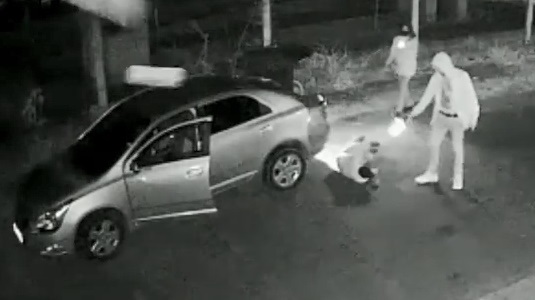 Man is Removed From the Trunk of a Car and Executed on the Street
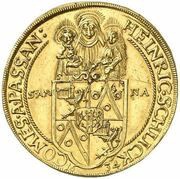 10 Ducats - Heinrich obverse image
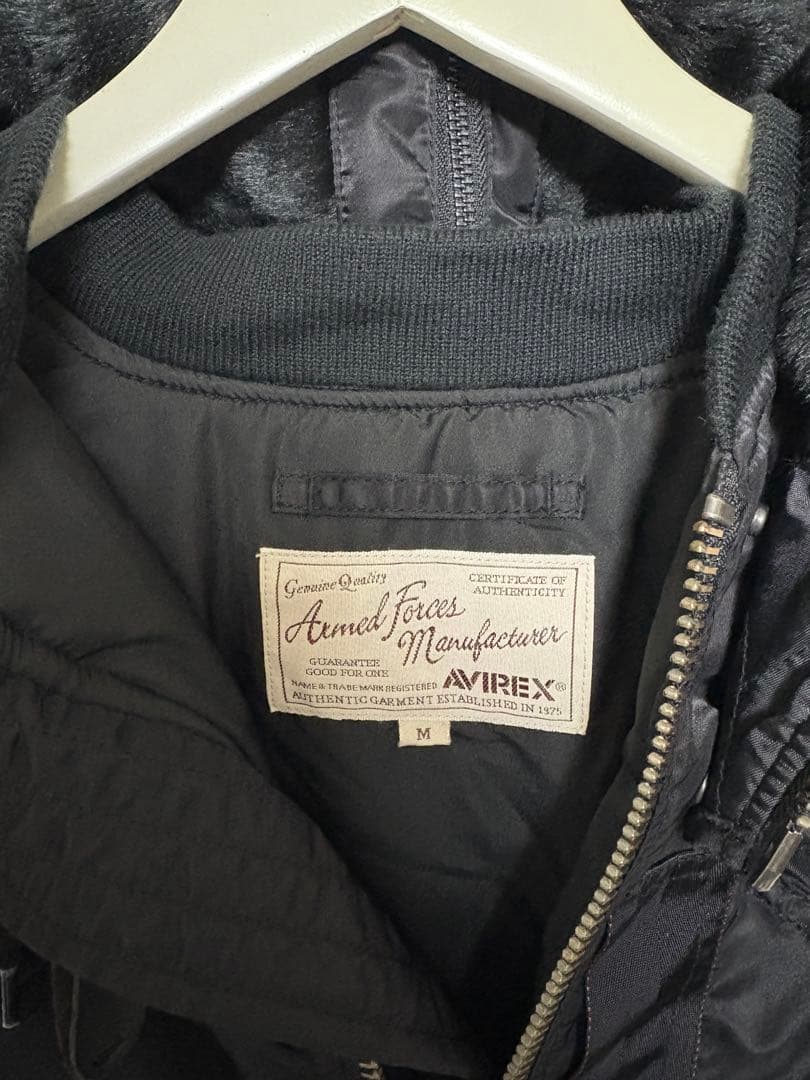 アヴィレックス フライトジャケット MA-1 リモデルマーク2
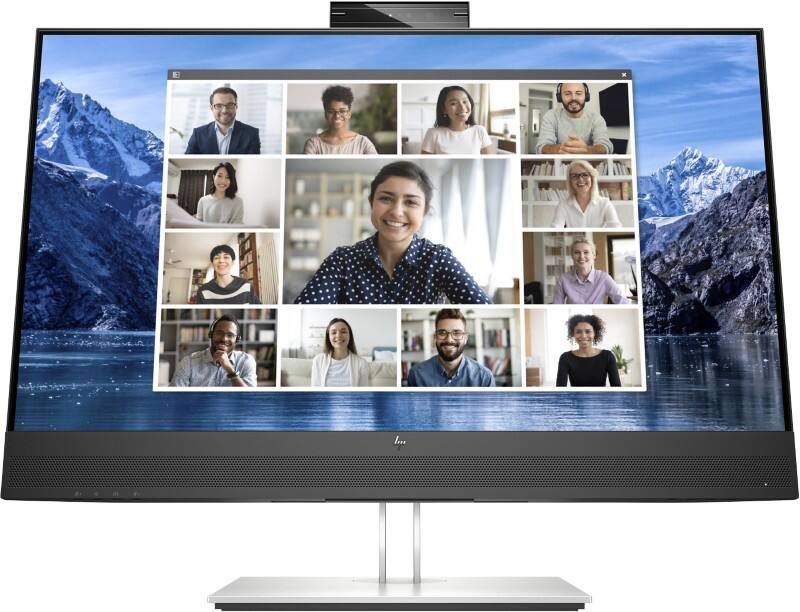 HP E series 68,6 cm (27") Monitor E27m G4 Zwart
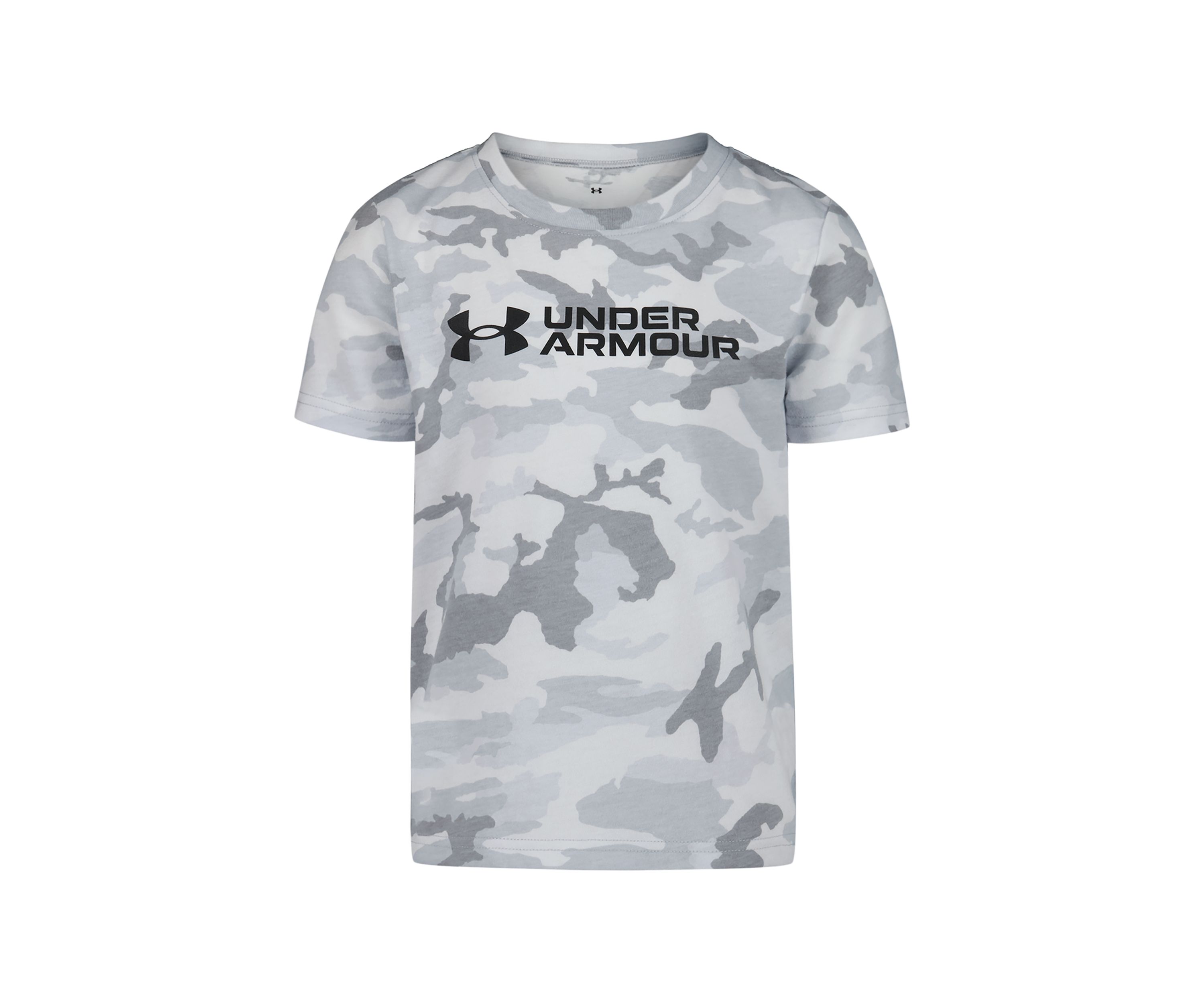 Boys 4-7 Allover Print Tech Short Sleeve Graphic T-Shirt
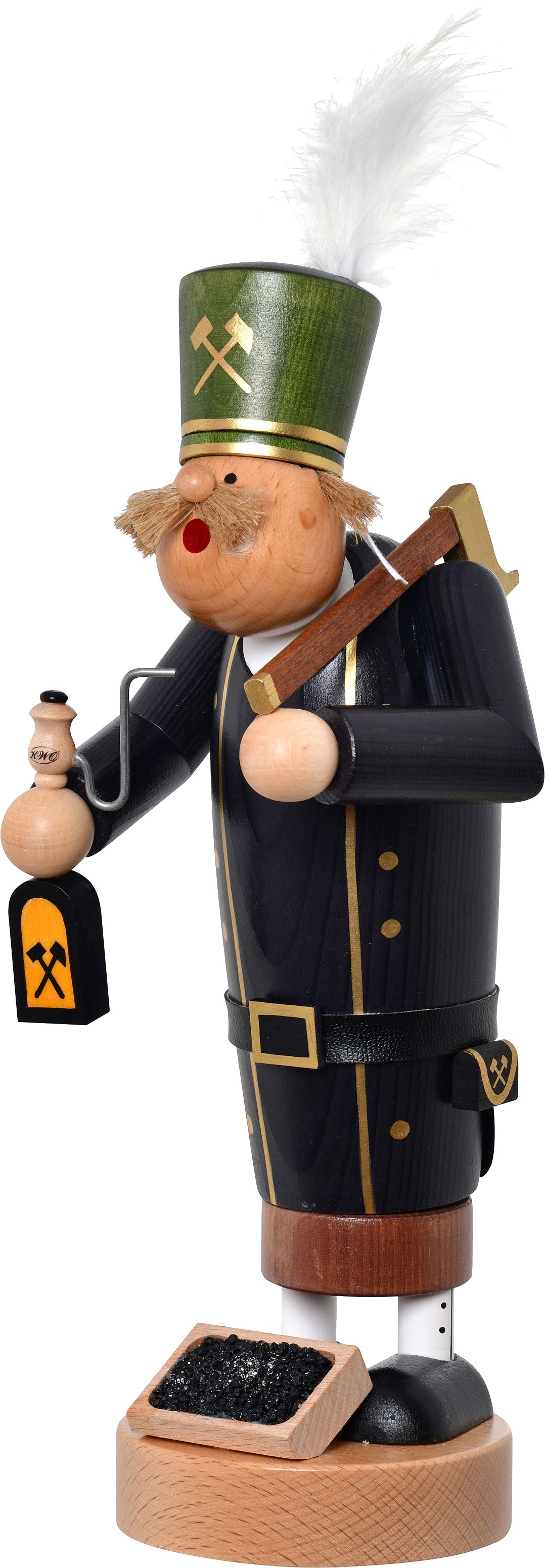 Räuchermann Bergmann - Die Schlanken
+++
PROBLEM:
Reproduce the records above word for word, without the images.

RESPONSE AREA:
 Man is Removed From the Trunk of a Car and Executed on the Street
 10 Ducats - Heinrich obverse image
 アヴィレックス フライトジャケット MA-1 リモデルマーク2
 HP E series 68,6 cm (27") Monitor E27m G4 Zwart
 Boys 4-7 Allover Print Tech Short Sleeve Graphic T-Shirt
 Räuchermann Bergmann - Die Schlanken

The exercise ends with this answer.